§ EXERCISE BRIEF: Copy the material below verbatim from the line with "Casual Slip-On Knit Shoes in Black and Cream" to the line with "Garni Hotel Zum", both lines included, omitting pictures and every line outside that range.

§ INPUT RECORDS:
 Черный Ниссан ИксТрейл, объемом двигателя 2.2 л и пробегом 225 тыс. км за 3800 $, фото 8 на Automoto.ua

---

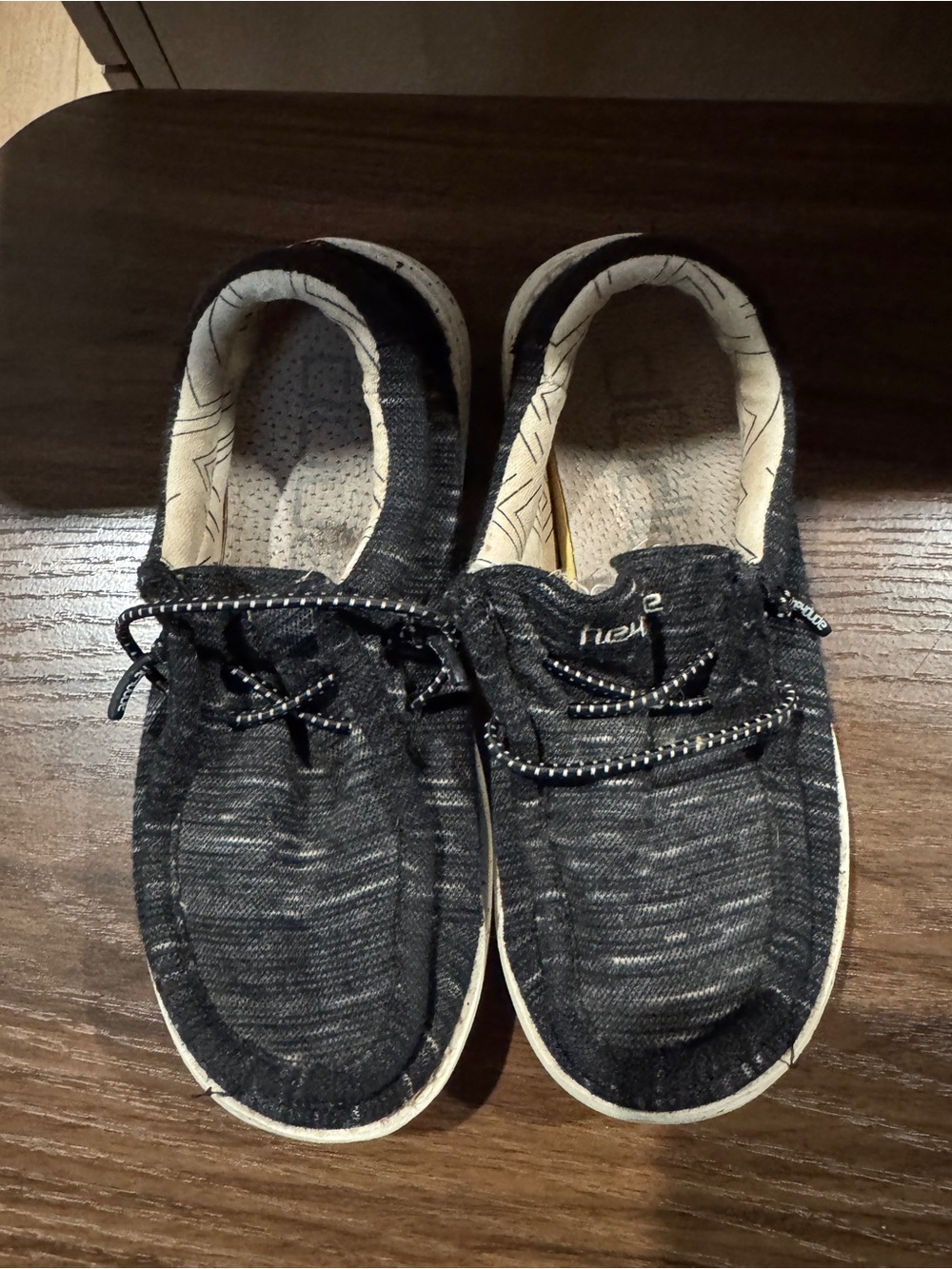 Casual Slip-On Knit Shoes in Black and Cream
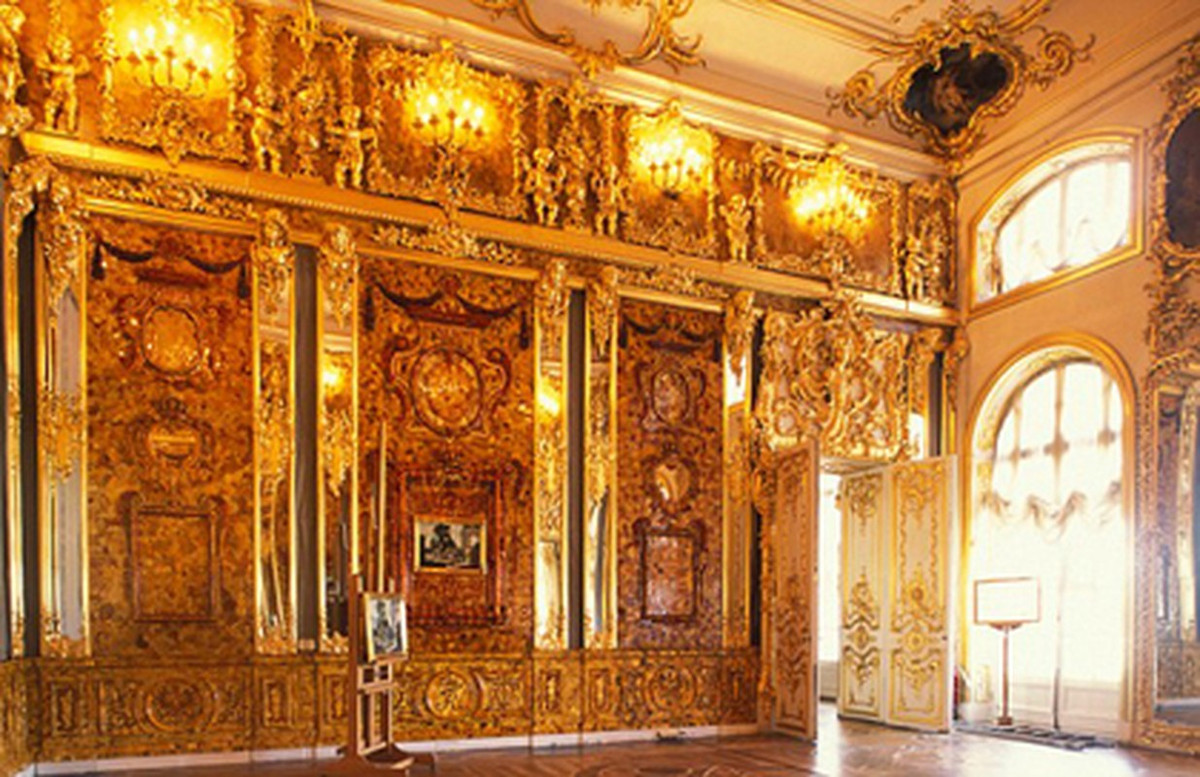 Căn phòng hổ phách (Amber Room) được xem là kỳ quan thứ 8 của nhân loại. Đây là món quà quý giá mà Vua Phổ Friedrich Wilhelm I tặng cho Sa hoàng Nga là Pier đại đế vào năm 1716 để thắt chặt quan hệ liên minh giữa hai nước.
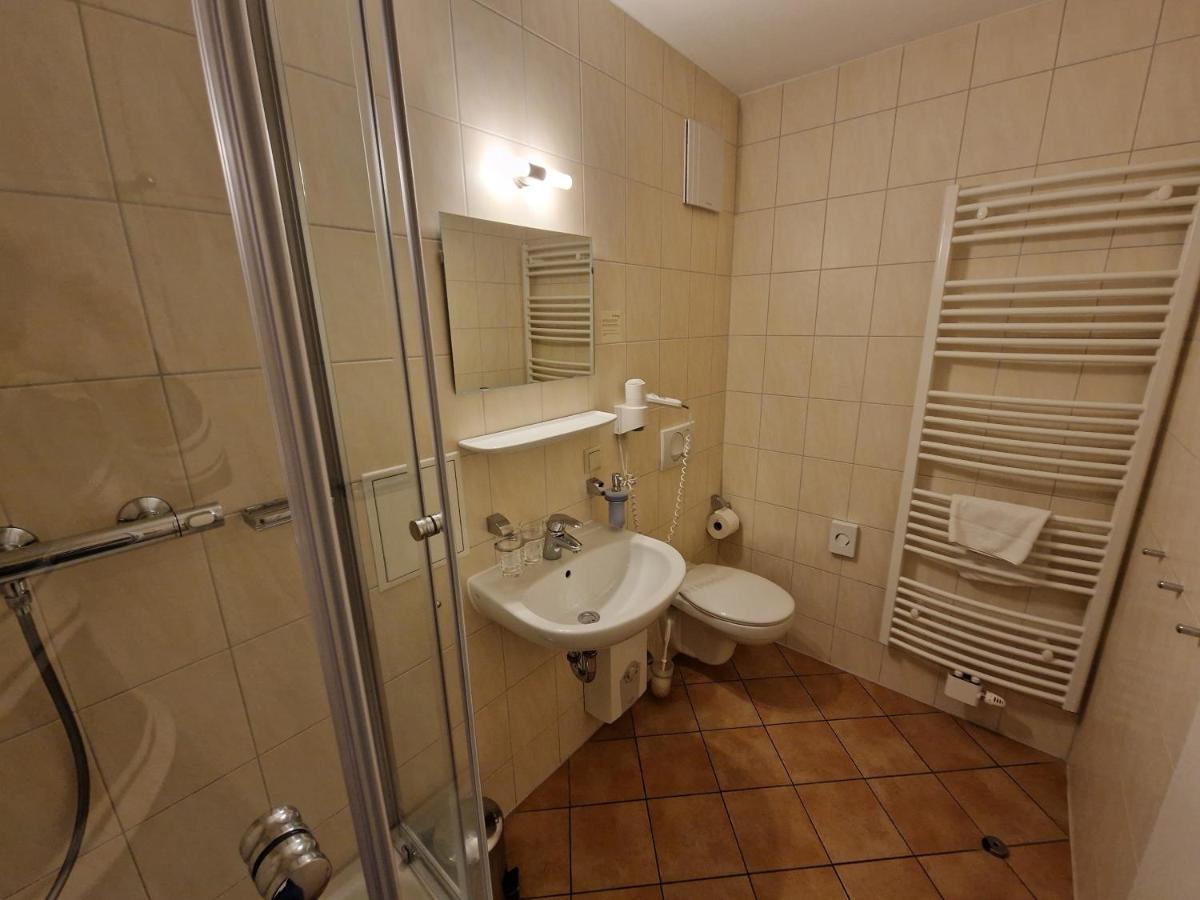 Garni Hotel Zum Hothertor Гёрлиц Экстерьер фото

§ OUTPUT FOR THIS EXERCISE:
 Casual Slip-On Knit Shoes in Black and Cream
 Căn phòng hổ phách (Amber Room) được xem là kỳ quan thứ 8 của nhân loại. Đây là món quà quý giá mà Vua Phổ Friedrich Wilhelm I tặng cho Sa hoàng Nga là Pier đại đế vào năm 1716 để thắt chặt quan hệ liên minh giữa hai nước.
 Garni Hotel Zum Hothertor Гёрлиц Экстерьер фото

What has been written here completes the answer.